I have been muddling through teaching myself Japanese for a few years now, for better or worse. Along the way I have encountered a lot of pitfalls, and and managed to overcome a lot of challenges. Learning Japanese is not easy, but if you want to start down the road, I will share some of the things I have learned along the way.
1. Start by learning the kana.
The absolute first step in learning Japanese should be to learn hiragana and katakana. This will make your life so much easier. You simply won’t be able to get very far if you don’t know them, and it will utterly sabotage your learning more and more as you go along. There are a lot of them (46 of each), so it may take some serious studying. Also if you have never learning another set of symbols, it can be a bit mind bending at first, but it’s an amazing experience once you can finally look at something like this: てんきがいいからさんぽうしましょう and be able to make sounds out of it!
This brings me to my next tip, which is:
2. Avoid Romaji
Romaji is the writing of Japanese words in our letters. You probably come across it all the time if you are into Japanese culture at all.
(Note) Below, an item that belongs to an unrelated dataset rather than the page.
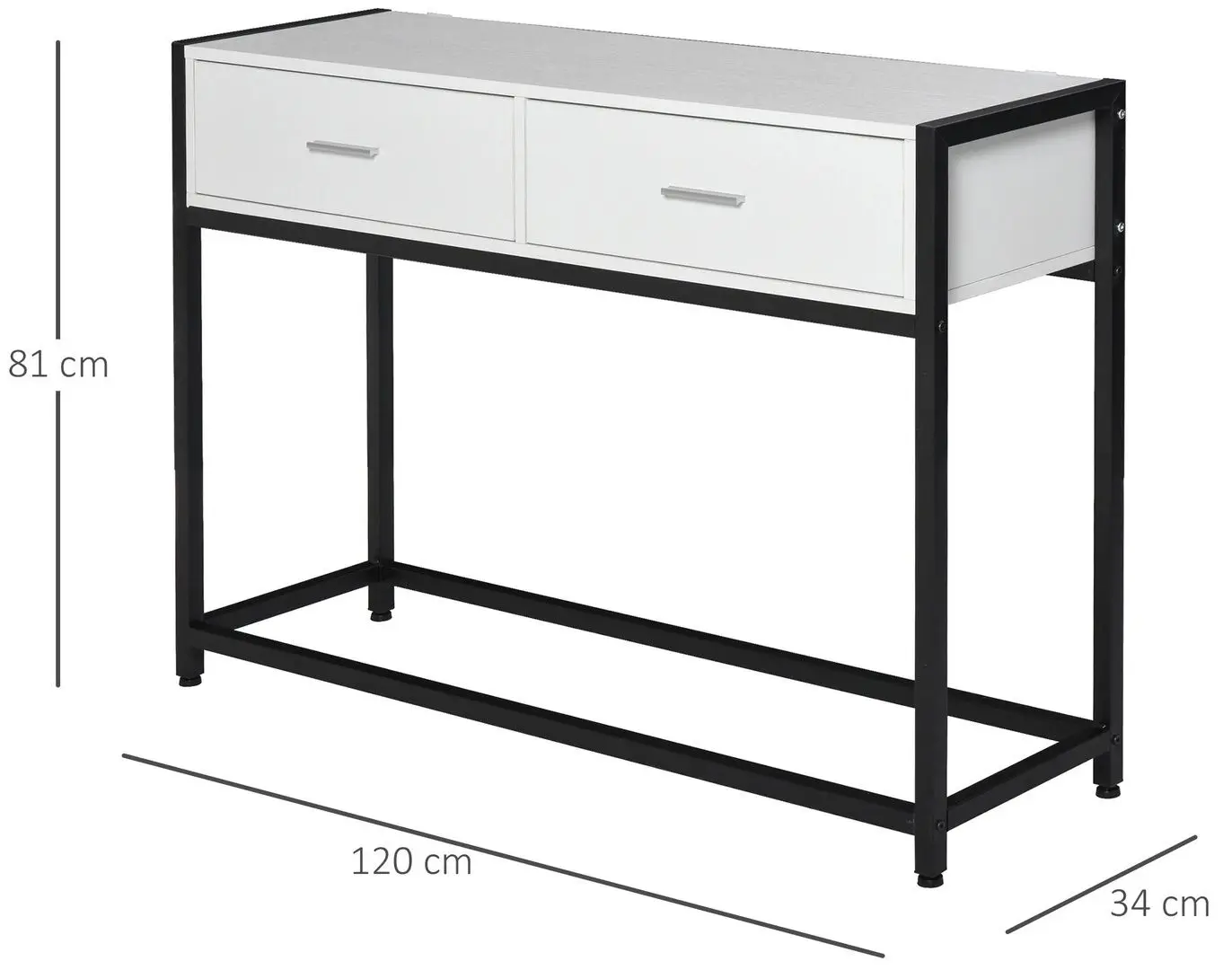 Masa auxiliara Homcom 837-099 120x34x81 cm (White/Black)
Many Japanese textbooks use Romaji, and it may be fine for learning pronounciation, but once you know the kana it will really ruin your learning of the language. It will leave you utterly illiterate in the written language, and it will eventually make Japanese sentences too difficult to parse.
When you get to the intermediate level, there are many clues as to the meanings of sentences embedded in the placement of characters. Without having these available to you, you will eventually become frustrated and hit a total wall in your studies.
3. Use Flash Cards
Use flash cards for everything! Repeatedly drilling yourself on pretty much everything you learn is simply required to learn. There is so much to study and a lot of it looks the same, so not reviewing thingswill lead to confusion pretty quickly.
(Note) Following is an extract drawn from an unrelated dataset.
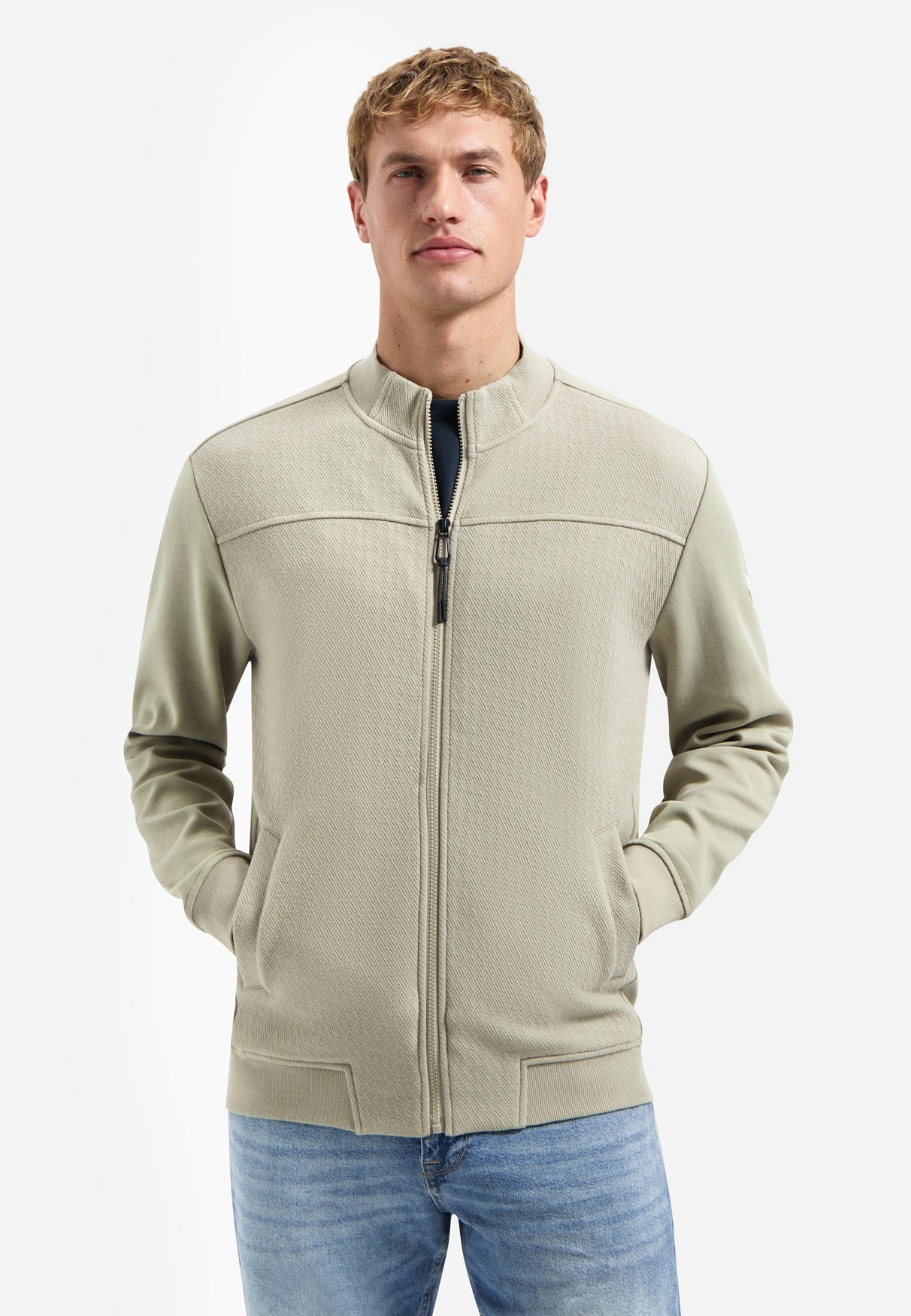 Sweat jacket with mixed textures | Taupe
For a really good computer flashcard system, the free program Anki. It tracks how well you know each bit of information, and and automatically manages how often to show each card. It sure beats buying and wrestling with a bunch of index cards, trust me.
4. Begin Studying Kanji Early
Kanji are those horrible characters in which each one is a separate word or idea. To be proficient in Japanese, you have to learn around 2000 of these delightful little joys. This means you had better start early, because you don’t want to the point where you can’t continue without knowing them and then have to cram.
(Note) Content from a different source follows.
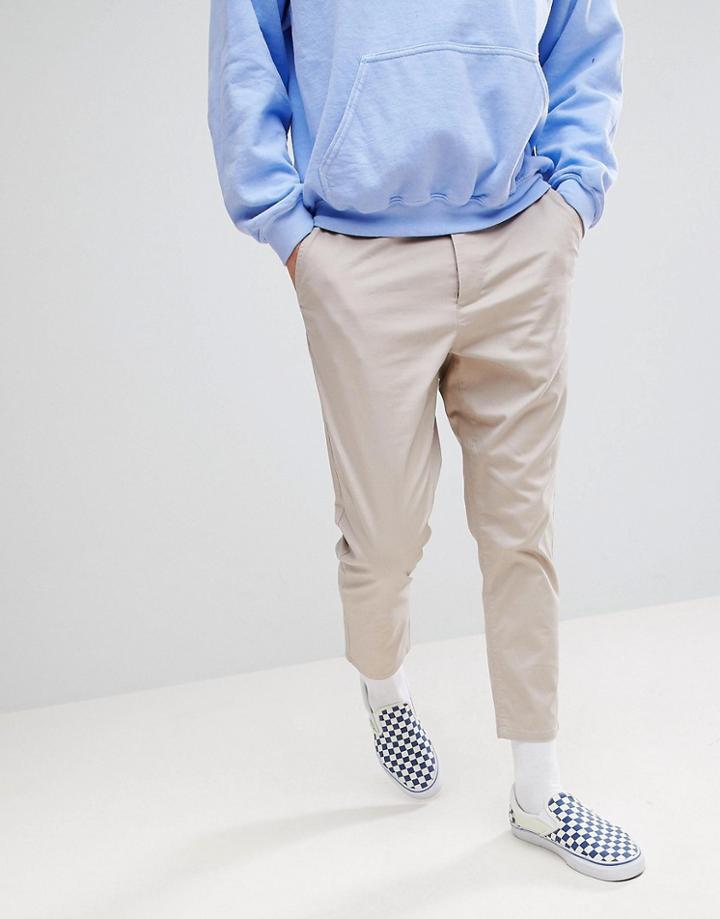 Asos Tapered Cropped Chinos In Beige - Beige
Many classical study methods for these things would have you learn both the meaning and the (sometimes many) pronunciations of each character. I have discovered that it is simply better to learn the meaning of each Kanji, then just learn the pronunciations as you go.
There is a great book dedicated to learning the meanings, Remembering the Kanji.
The method outlined in this book really works well.
As a companion to that, a good Kanji dictionary is a must. I would recommend The Kodansha Kanji Learner’s Dictionary. It has a really cool method for looking them up. My copy is dog-eared from heavy use. In fact it is one of the things I have made sure to take with me to Japan the times I have actually been there.
Hopefully these tips will help you, good luck with your studies!